About this task :: Would you go through the records below and copy each line with the string "Paris"?

The records ::
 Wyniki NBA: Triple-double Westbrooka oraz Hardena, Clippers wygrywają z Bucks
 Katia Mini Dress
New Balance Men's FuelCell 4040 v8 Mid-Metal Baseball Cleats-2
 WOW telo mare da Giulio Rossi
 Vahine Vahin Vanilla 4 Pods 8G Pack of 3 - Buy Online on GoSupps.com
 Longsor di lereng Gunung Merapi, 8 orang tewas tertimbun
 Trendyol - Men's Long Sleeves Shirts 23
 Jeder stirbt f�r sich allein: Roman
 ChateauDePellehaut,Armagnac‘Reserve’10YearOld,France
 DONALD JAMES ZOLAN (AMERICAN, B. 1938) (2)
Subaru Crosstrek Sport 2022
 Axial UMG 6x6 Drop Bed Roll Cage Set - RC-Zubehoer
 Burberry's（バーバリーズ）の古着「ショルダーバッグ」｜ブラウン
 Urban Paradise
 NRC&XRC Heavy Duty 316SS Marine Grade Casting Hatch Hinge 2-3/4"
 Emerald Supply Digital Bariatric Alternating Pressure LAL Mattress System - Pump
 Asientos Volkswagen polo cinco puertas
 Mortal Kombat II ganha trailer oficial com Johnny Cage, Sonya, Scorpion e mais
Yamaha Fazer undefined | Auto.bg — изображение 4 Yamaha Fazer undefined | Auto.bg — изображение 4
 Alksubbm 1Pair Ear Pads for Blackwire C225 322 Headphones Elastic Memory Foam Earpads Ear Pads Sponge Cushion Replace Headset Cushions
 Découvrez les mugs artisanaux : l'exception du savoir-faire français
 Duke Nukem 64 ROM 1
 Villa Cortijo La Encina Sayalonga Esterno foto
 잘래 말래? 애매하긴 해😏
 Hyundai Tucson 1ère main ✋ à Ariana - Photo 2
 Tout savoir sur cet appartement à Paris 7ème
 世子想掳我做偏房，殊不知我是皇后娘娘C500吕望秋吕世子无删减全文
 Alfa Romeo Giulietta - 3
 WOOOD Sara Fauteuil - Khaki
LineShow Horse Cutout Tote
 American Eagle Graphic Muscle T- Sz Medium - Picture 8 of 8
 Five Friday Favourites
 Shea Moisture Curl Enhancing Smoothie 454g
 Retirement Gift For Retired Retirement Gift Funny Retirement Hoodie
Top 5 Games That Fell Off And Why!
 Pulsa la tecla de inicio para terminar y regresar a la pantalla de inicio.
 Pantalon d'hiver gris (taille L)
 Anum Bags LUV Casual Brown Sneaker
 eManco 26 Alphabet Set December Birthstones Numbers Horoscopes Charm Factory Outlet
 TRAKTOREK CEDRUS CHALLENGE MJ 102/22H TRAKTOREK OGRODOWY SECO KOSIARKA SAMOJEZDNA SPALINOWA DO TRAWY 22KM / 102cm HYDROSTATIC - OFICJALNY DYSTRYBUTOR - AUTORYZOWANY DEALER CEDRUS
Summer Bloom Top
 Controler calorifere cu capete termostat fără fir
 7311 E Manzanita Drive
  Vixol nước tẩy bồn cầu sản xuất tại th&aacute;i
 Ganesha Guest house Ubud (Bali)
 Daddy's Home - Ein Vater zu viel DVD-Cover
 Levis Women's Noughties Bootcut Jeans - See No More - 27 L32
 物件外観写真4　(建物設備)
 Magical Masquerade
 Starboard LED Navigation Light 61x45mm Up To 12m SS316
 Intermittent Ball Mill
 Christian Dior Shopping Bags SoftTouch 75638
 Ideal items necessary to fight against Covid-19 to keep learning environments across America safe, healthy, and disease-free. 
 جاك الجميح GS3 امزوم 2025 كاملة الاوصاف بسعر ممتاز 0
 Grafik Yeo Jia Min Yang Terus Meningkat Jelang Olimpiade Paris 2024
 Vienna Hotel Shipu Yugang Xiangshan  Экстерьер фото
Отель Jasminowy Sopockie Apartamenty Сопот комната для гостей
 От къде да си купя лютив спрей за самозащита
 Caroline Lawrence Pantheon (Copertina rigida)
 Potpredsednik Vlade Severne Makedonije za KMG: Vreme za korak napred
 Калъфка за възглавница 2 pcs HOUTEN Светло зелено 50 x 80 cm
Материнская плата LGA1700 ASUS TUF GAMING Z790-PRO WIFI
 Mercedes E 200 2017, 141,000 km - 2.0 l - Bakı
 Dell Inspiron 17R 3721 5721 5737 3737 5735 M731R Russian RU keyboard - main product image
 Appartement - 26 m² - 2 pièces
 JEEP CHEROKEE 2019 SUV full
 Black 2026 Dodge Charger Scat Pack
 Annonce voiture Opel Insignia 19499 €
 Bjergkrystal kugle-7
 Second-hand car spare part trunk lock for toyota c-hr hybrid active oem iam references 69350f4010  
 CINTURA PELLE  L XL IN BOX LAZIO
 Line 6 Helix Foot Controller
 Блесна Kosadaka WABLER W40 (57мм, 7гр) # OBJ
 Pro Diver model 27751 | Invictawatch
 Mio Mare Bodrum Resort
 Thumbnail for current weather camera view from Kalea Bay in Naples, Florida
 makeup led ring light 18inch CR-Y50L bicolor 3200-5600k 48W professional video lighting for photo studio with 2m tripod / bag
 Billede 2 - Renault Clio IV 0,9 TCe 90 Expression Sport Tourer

Result for this exercise ::
 Tout savoir sur cet appartement à Paris 7ème
 Grafik Yeo Jia Min Yang Terus Meningkat Jelang Olimpiade Paris 2024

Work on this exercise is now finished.